Starting at the line holding "Рассмотрим работу Call-центра" and finishing at the line holding "Tide chart for", transcribe the material exactly, keeping both ends but no pictures.
** Opening Data listing block **
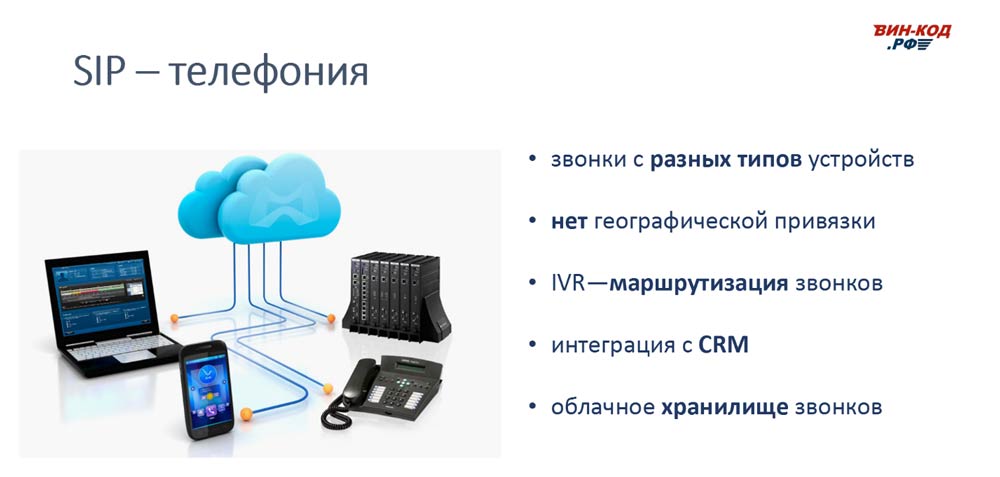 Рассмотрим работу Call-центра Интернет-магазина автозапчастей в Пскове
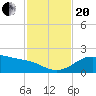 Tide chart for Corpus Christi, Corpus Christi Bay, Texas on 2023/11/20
** Closing Data listing block **
** Opening Data listing block **
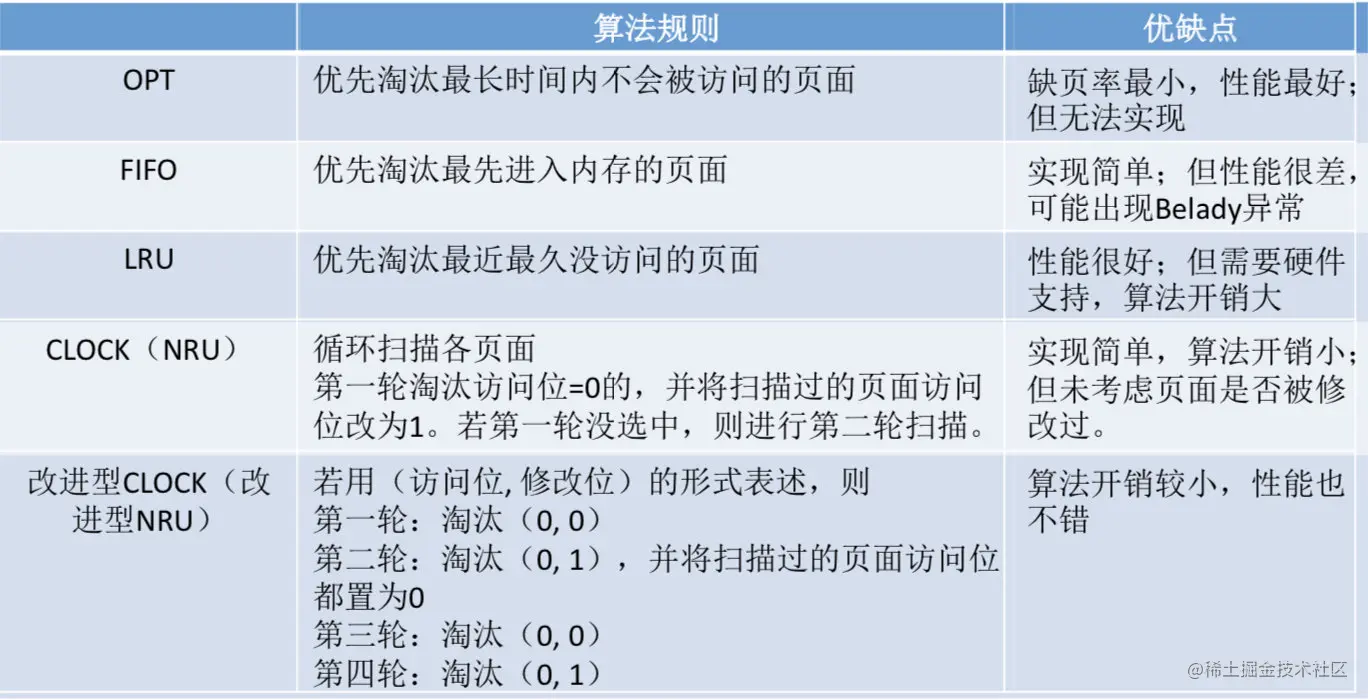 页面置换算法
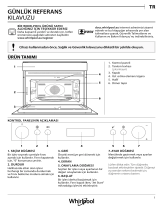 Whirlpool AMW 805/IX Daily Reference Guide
** Closing Data listing block **
**Answer area**:
 Рассмотрим работу Call-центра Интернет-магазина автозапчастей в Пскове
 Tide chart for Corpus Christi, Corpus Christi Bay, Texas on 2023/11/20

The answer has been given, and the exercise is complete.